'''

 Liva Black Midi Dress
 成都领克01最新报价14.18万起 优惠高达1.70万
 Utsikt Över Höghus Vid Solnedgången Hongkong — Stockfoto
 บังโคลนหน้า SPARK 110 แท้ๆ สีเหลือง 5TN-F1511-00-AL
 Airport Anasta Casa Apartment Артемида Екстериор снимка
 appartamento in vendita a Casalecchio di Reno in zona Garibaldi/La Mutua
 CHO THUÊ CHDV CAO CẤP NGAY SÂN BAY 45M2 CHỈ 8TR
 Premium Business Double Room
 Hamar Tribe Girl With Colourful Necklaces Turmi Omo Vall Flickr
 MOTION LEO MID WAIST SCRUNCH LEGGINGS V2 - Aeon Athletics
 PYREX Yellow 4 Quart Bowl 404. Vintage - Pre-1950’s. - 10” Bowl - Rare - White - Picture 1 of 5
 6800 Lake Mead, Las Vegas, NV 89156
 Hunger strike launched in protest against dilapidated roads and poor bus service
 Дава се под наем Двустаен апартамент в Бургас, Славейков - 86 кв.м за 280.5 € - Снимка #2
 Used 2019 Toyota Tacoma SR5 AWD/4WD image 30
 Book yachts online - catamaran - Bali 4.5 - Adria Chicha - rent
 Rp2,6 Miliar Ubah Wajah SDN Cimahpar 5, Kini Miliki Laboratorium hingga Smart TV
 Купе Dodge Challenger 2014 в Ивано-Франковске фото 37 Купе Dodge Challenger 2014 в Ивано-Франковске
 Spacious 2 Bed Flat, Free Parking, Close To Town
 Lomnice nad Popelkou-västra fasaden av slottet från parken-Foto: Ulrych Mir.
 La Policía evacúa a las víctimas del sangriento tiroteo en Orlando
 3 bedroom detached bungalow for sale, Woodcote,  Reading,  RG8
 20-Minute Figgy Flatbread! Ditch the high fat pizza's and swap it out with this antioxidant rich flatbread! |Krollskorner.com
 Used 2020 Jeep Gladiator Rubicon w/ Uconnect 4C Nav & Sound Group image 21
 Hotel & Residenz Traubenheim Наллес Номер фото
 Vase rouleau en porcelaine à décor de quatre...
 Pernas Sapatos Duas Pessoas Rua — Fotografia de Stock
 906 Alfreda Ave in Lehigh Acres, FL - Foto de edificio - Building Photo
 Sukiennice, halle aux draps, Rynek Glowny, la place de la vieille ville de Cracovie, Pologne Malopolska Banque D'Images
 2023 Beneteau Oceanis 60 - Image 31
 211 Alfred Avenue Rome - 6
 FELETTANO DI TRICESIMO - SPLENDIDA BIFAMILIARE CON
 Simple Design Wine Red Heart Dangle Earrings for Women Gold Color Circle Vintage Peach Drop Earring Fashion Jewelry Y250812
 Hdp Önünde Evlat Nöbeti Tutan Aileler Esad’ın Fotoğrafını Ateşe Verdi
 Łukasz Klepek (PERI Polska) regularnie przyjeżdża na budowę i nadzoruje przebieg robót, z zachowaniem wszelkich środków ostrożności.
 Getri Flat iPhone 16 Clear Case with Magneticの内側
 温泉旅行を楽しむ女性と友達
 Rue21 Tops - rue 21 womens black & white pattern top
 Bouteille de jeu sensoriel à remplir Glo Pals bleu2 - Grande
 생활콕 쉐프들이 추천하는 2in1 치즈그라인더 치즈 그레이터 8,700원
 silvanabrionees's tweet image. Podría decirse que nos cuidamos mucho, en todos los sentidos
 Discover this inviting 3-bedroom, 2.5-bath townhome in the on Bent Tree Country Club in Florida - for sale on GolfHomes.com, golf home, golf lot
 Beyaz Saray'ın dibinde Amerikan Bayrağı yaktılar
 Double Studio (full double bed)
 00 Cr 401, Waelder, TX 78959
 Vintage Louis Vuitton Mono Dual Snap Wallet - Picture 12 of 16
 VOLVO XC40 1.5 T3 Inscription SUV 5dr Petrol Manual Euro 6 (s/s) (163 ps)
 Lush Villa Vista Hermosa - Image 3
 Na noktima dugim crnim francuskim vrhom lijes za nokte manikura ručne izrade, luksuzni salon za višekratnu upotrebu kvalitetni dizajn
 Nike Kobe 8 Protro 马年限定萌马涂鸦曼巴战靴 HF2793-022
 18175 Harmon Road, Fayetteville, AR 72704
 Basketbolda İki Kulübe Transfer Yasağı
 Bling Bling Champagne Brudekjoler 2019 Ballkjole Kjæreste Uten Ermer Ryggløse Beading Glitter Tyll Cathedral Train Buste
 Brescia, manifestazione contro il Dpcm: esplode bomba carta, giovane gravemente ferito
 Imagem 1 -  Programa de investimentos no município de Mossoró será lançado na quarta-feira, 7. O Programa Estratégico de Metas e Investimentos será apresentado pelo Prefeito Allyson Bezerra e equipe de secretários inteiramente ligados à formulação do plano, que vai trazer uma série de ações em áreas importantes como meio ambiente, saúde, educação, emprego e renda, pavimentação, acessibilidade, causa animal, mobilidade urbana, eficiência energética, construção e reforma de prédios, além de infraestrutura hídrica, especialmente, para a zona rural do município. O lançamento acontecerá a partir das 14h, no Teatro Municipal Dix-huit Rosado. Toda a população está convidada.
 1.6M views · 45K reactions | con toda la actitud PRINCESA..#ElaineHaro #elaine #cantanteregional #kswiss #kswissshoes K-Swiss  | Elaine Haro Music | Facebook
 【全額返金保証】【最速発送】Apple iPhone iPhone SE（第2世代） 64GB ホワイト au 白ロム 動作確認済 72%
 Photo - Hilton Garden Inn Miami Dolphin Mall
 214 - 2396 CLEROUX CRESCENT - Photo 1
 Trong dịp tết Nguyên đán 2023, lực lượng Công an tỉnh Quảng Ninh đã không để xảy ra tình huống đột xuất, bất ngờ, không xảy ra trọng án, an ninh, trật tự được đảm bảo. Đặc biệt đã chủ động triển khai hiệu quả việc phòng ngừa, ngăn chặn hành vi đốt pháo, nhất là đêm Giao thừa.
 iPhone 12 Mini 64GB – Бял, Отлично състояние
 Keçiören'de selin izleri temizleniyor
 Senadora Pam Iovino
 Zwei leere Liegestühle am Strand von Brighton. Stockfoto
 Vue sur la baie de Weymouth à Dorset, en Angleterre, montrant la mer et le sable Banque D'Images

'''

• Work task
Pull out all lines from the entries above in which the word "Used" appears.

• Answer below
 Used 2019 Toyota Tacoma SR5 AWD/4WD image 30
 Used 2020 Jeep Gladiator Rubicon w/ Uconnect 4C Nav & Sound Group image 21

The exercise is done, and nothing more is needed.